Mar 24, 2014 Issue #49 - February/March 2014 - Portlandia Bookmark and Share

God bless Liars. While virtually everyone in the avant rock class of the Aughts (that loosely started with Yeah Yeah Yeahs and ended with HEALTH) either cleaned up their acts and graduated or just dropped out, Liars are streaking the graduation ceremony with booze on their breaths and middle fingers in the air. And yet the kind of envelope-pushing on Mess is nothing if not mature, simultaneously punk as fuck and utterly refined.

Maintaining their trajectory of disdaining acoustic instruments in favor of electronics, there may not be a non-synthetic sound on Mess. But whereas 2012’s WIXIW was also heavily electronic, it often sounded like a power trio experimenting, still sounding like three dudes jamming with machinesMess is nigh-on cyborgian in its assimilation of electronics.

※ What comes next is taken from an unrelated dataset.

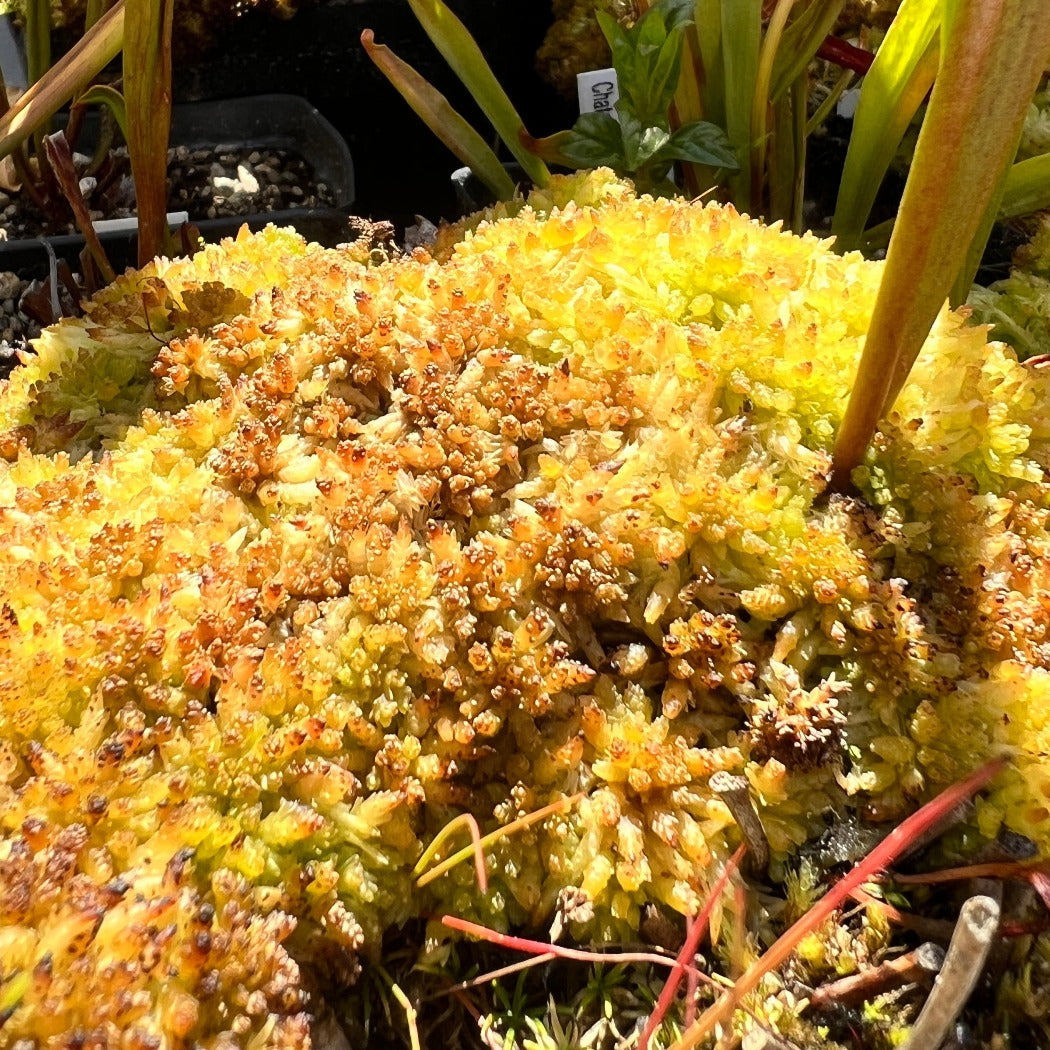 Close up of moss growing in a pot with sarracenia plants in the fore and background.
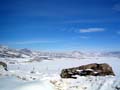 ParkCity141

Things burst from the gates propulsive and profane with opener “Mask Maker” and rarely slow down from thereon. If “Mask Maker”‘s effed-up narcotic beats and fat synth chords sound more fun than a Liars song should, “Vox Tuned D.E.D.” brings the familiar melancholy in spades, a detuned John Carpenter-esque riff driving toward a chorus of lush synthetic strings that make Angus Andrews’ android-son-of-Nick-Cave sermons sound like futuristic devotional hymns. Indeed, this record mightn’t sound out of place in some apocryphal dance club scene from Blade Runner.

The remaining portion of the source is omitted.